Project 1: Build a Toy Transformer from Scratch in PyTorch
4. Training Loop (Causal LM)
The training loop is a crucial component of any language model implementation. In this section, we set up the process for training our TinyGPT model for causal language modeling - predicting the next token given previous tokens.
Key Components of the Training Loop:
- Loss Function: Uses cross-entropy loss, which measures the difference between predicted token probabilities and actual next tokens
- Model Initialization: Creates our TinyGPT model and moves it to the specified device (CPU/GPU)
- Optimizer: Uses AdamW with learning rate 3e-4 and weight decay 0.01 for regularization
- Training Parameters: Uses a context window (block_size) of 64 tokens and batch size of 32
The Training Process:
- Get a batch of training data (x = input tokens, y = target tokens)
- Forward pass through the model to get logits (raw prediction scores)
- Calculate loss by comparing predictions to actual next tokens
- Zero gradients, perform backpropagation, and clip gradients to prevent explosion
- Update model parameters using the optimizer
- Periodically evaluate on validation data to monitor progress
Gradient clipping (set to 1.0) prevents unstable updates by limiting gradient magnitudes, which is especially important in transformers that can suffer from training instability.
This basic training loop can be extended with learning rate scheduling, more sophisticated evaluation metrics, or early stopping based on validation performance.
def loss_fn(logits, targets):
# Flatten time+batch for cross-entropy
return F.cross_entropy(logits.view(-1, logits.size(-1)), targets.view(-1))
model = TinyGPT(vocab_size).to(device)
optimizer = torch.optim.AdamW(model.parameters(), lr=3e-4, weight_decay=0.01)
block_size = 64
for step in range(500): # small demo; increase for better quality
model.train()
x, y = get_batch("train", block_size=block_size, batch_size=32)
logits = model(x)
loss = loss_fn(logits, y)
optimizer.zero_grad(set_to_none=True)
loss.backward()
torch.nn.utils.clip_grad_norm_(model.parameters(), 1.0)
optimizer.step()
if step % 50 == 0:
model.eval()
with torch.no_grad():
vx, vy = get_batch("val", block_size=block_size, batch_size=32)
vloss = loss_fn(model(vx), vy).item()
print(f"step {step:04d} | train loss {loss.item():.3f} | val loss {vloss:.3f}")
Here's a comprehensive breakdown of the training loop code for the TinyGPT model:
Loss Function Definition
The code begins by defining a loss function that calculates cross-entropy loss between the model's predictions (logits) and the target tokens:
def loss_fn(logits, targets):
# Flatten time+batch for cross-entropy
return F.cross_entropy(logits.view(-1, logits.size(-1)), targets.view(-1))
This function:
- Reshapes the logits from [batch_size, sequence_length, vocab_size] to [batch_size*sequence_length, vocab_size]

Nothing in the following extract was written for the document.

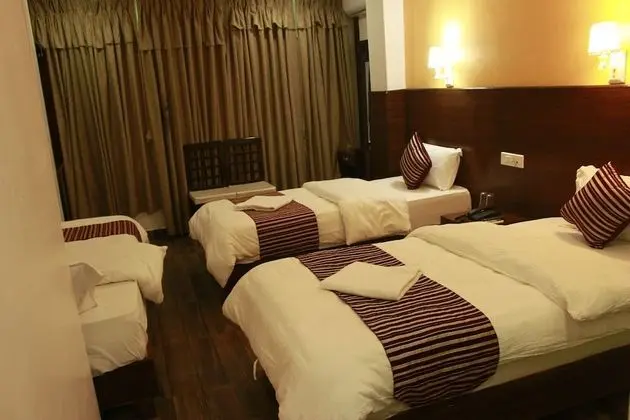Deluxe Üç Kişilik Oda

- Reshapes targets from [batch_size, sequence_length] to [batch_size*sequence_length]
- Computes cross-entropy loss, which measures how well the model predicts the next token in the sequence
Model and Optimizer Setup
Next, the code initializes the TinyGPT model and moves it to the specified device (CPU/GPU), then sets up the AdamW optimizer:
model = TinyGPT(vocab_size).to(device)
optimizer = torch.optim.AdamW(model.parameters(), lr=3e-4, weight_decay=0.01)
The optimizer uses:
- Learning rate of 3e-4 (0.0003), which is a common default for transformer models
- Weight decay of 0.01 for regularization to prevent overfitting
Training Configuration
The code sets up training parameters:
block_size = 64
The block_size (64) determines the context window - how many previous tokens the model can see when predicting the next token.
Training Loop
The main training loop runs for 500 iterations (though the comment suggests this is just a small demo):
for step in range(500): # small demo; increase for better quality
Each training iteration follows these steps:
1. Prepare for training
model.train()
x, y = get_batch("train", block_size=block_size, batch_size=32)

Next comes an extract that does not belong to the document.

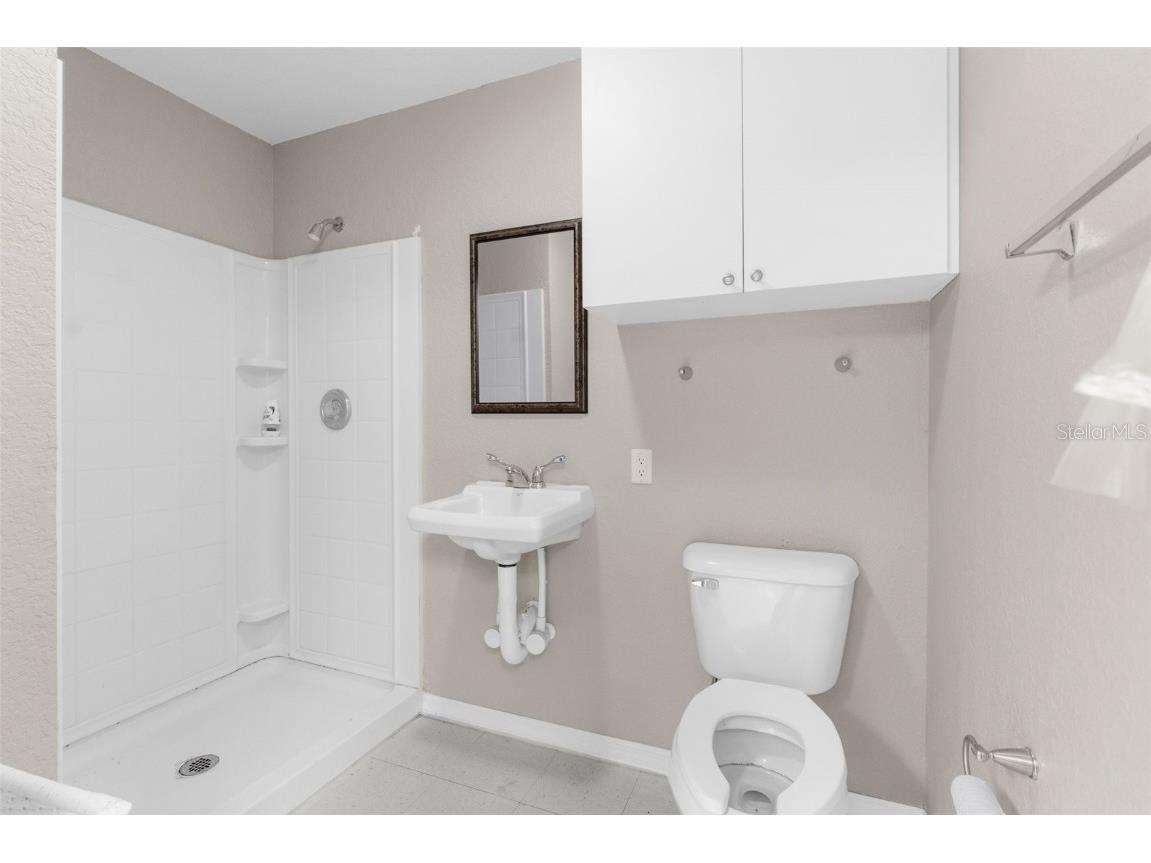 7044 Commercial Way Weeki Wachee FL 34613 W7872158 image20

- Sets the model to training mode (enables dropout, batch normalization, etc.)
- Gets a batch of training data with context length of 64 tokens and batch size of 32
- 'x' contains input tokens, 'y' contains target tokens (the next token to predict)
2. Forward pass
logits = model(x)
loss = loss_fn(logits, y)
- Passes input tokens through the model to get prediction logits
- Calculates loss by comparing predictions to actual next tokens
3. Backward pass and optimization
optimizer.zero_grad(set_to_none=True)
loss.backward()
torch.nn.utils.clip_grad_norm_(model.parameters(), 1.0)
optimizer.step()
- Clears previous gradients using optimizer.zero_grad()
- Computes gradients with loss.backward()
- Clips gradients to prevent exploding gradients (maximum norm of 1.0)
- Updates model parameters with optimizer.step()
4. Evaluation
if step % 50 == 0:
model.eval()
with torch.no_grad():
vx, vy = get_batch("val", block_size=block_size, batch_size=32)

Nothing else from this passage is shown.